Required settings: BUCKET_UPLOADS

Command options are:

-p PREFIX, --prefix=PREFIX
                      The prefix to prepend to the path on S3.
-d DIRECTORY, --dir=DIRECTORY
                      The root directory to use instead of your MEDIA_ROOT
--remove-missing
                      Remove any existing keys from the bucket that are not
                      present in your local. DANGEROUS!
--dry-run
                      Do a dry-run to show what files would be affected.

s3sync.storage.S3PendingStorage

Required settings: BUCKET_UPLOADS_URL, PRODUCTION

Full List of Settings

AWS_ACCESS_KEY_ID, AWS_SECRET_ACCESS_KEY
Required. Your API keys from Amazon.
BUCKET_UPLOADS
Name of your upload bucket. Usually 'something.yourdomain.com'
BUCKET_UPLOADS_URL
URL to your bucket, including the prefix.
BUCKET_UPLOADS_CACHE_ALIAS
Which cache backend to use from settings.CACHES
BUCKET_UPLOADS_PENDING_KEY
Cache key to use for storing the list of pending files to be uploaded to S3.
BUCKET_UPLOADS_PENDING_DELETE_KEY
Cache key to use for storing the list of pending files to be removed from S3.
PRODUCTION
Set this to True for the storage backend to use BUCKET_UPLOADS_URL.

Contributing

If you'd like to fix a bug, add a feature, etc

  1. Start by opening an issue.
    Be explicit so that project collaborators can understand and reproduce the issue, or decide whether the feature falls within the project's goals.
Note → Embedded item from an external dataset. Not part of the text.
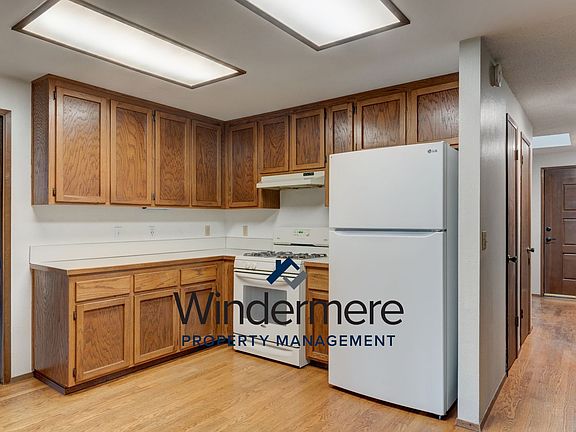 2nd image of 1512 SW Robertson Dr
Code examples can be useful, too.
  2. File a pull request.
    You may write a prototype or suggested fix.
  3. Check your code for errors, complaints.
    Use check.py
  4. Write and run tests.
    Write your own test showing the issue has been resolved, or the feature works as intended.

Running Tests

TODO: write tests.

To run the tests:

python manage.py test s3sync